It’s as if they had taken Adolf Hitler alive in 1945, but ignored his responsibility for starting World War II and his murder of six million Jews and just put him on trial for executing people suspected of involvement in the July 1944 bomb plot. With all of Saddam’s other crimes to choose from, why on earth would you hang him for executing the people suspected of involvement in the Dujail plot?

Because the United States was not involved in that one. It was involved in the massacre of the Iraqi Communists (the US Central Intelligence Agency gave Saddam their membership lists). It was implicated up to its ears in Saddam’s war against Iran — to the point of arranging for Iraq to be supplied with the chemicals to make poison gas, providing Baghdad with satellite and AWACS intelligence data on Iranian targets, and seconding US Air Force photo interpreters to Baghdad to draw Saddam the detailed maps of Iranian trenches that let him drench them in poison gas.

The Reagan administration stopped Congress from condemning Saddam’s use of poison gas, and the US State Department tried to protect Saddam when he gassed his own Kurdish citizens in Halabja in 1988, spreading stories (which it knew to be false) that Iranian planes had dropped the gas. It was the US that finally saved Saddam’s regime by providing naval escorts for tankers carrying oil from Arab Gulf states while Iraqi planes were left free to attack tankers coming from Iranian ports. Even when one of Saddam’s planes mistakenly attacked an American destroyer in 1987, killing 37 crewmembers, Washington forgave him.

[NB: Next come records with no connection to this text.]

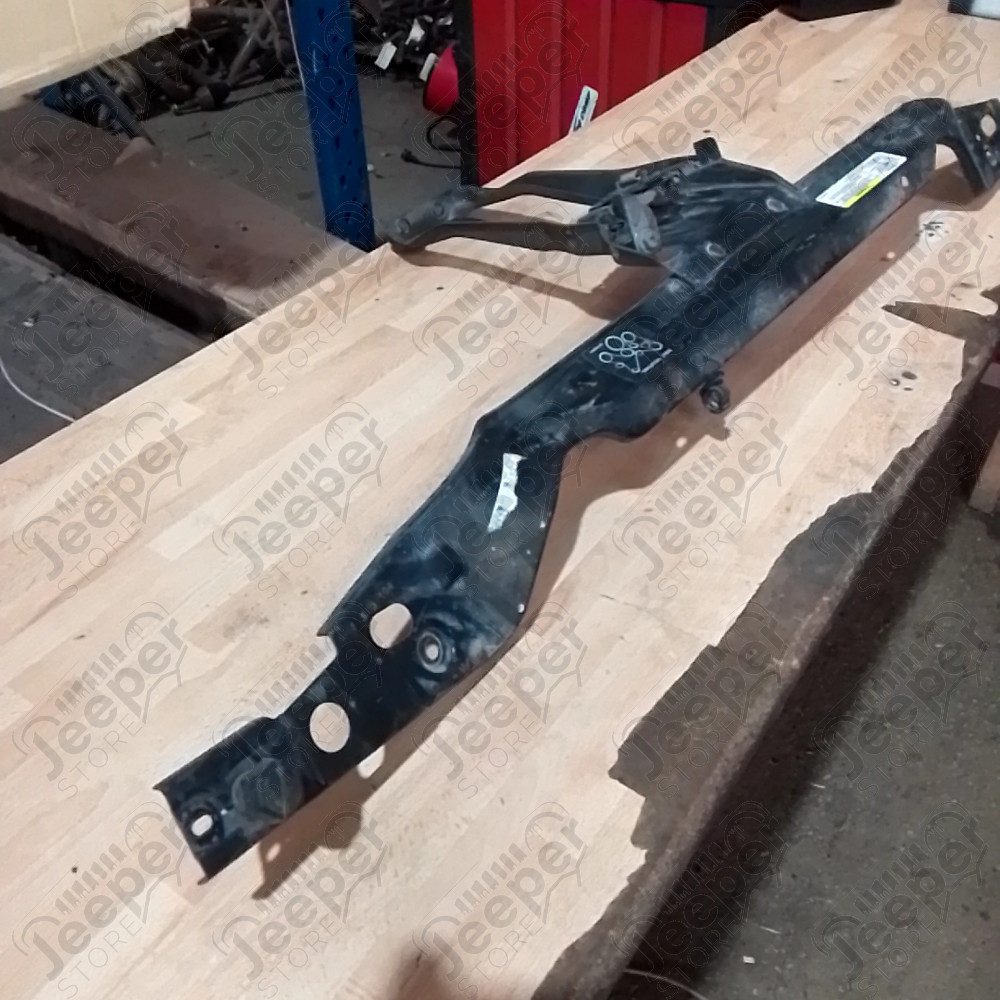 Occasion : Traverse supérieure avant capot moteur pour Jeep Cherokee Liberty KJ
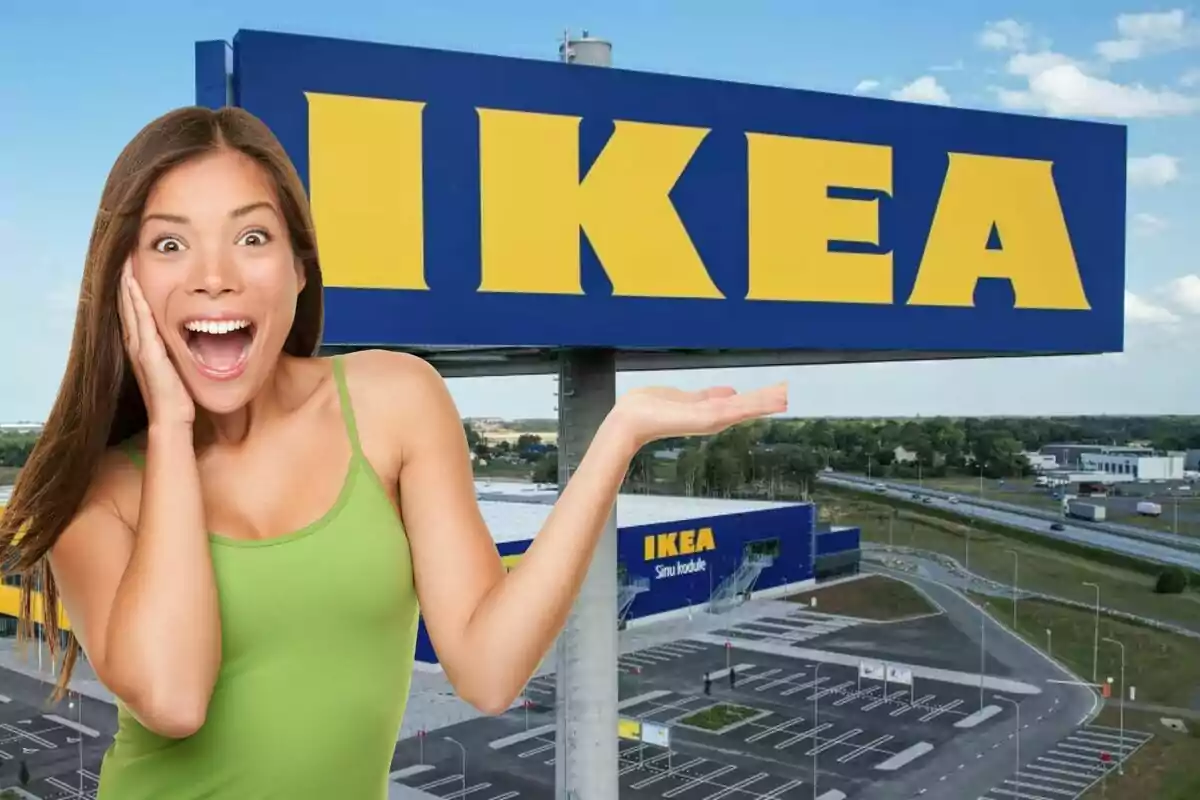 Una mujer emocionada con una camiseta verde frente a una tienda IKEA.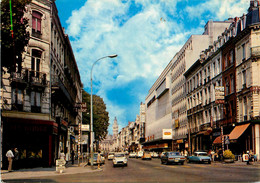 Lille * La Rue Nationale * Commerces Magasins - Lille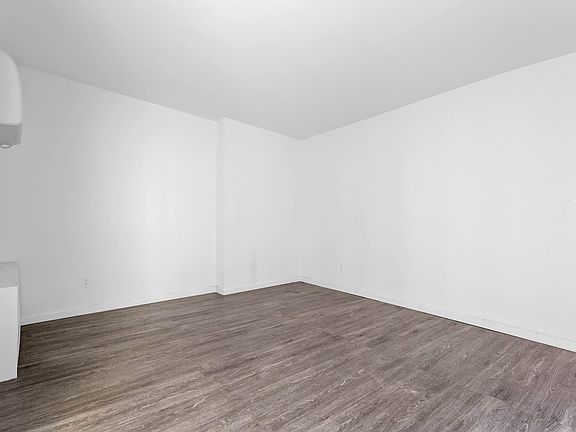 5th image of 88 Fulton St #222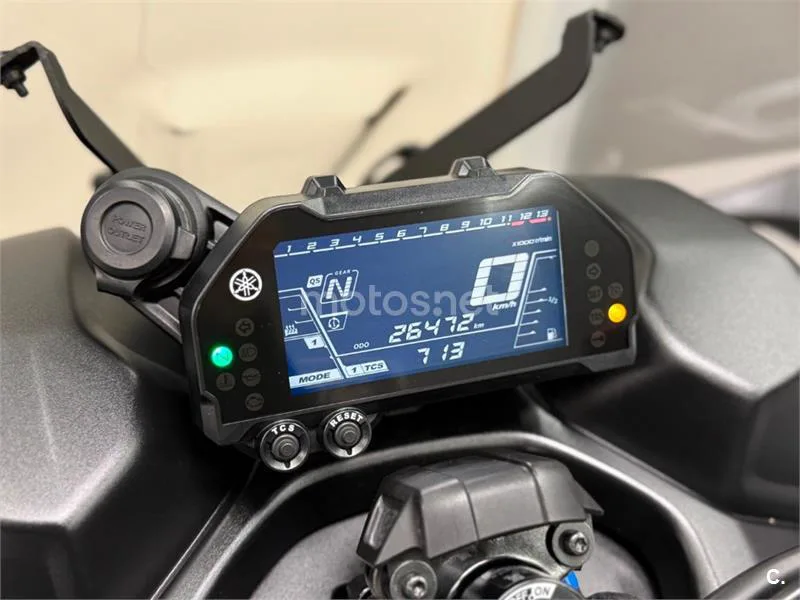 Yamaha Niken – Vista 5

And it was George W. Bush’s father who urged Iraq’s Shiites and Kurds to rebel after Saddam was driven out of Kuwait in 1991, and then failed to use US air power to protect the Shiites from massacre when they answered his call. The US was deeply involved in all of Saddam’s major crimes, one way or another, so no trial that delved into the details of those crimes could be allowed.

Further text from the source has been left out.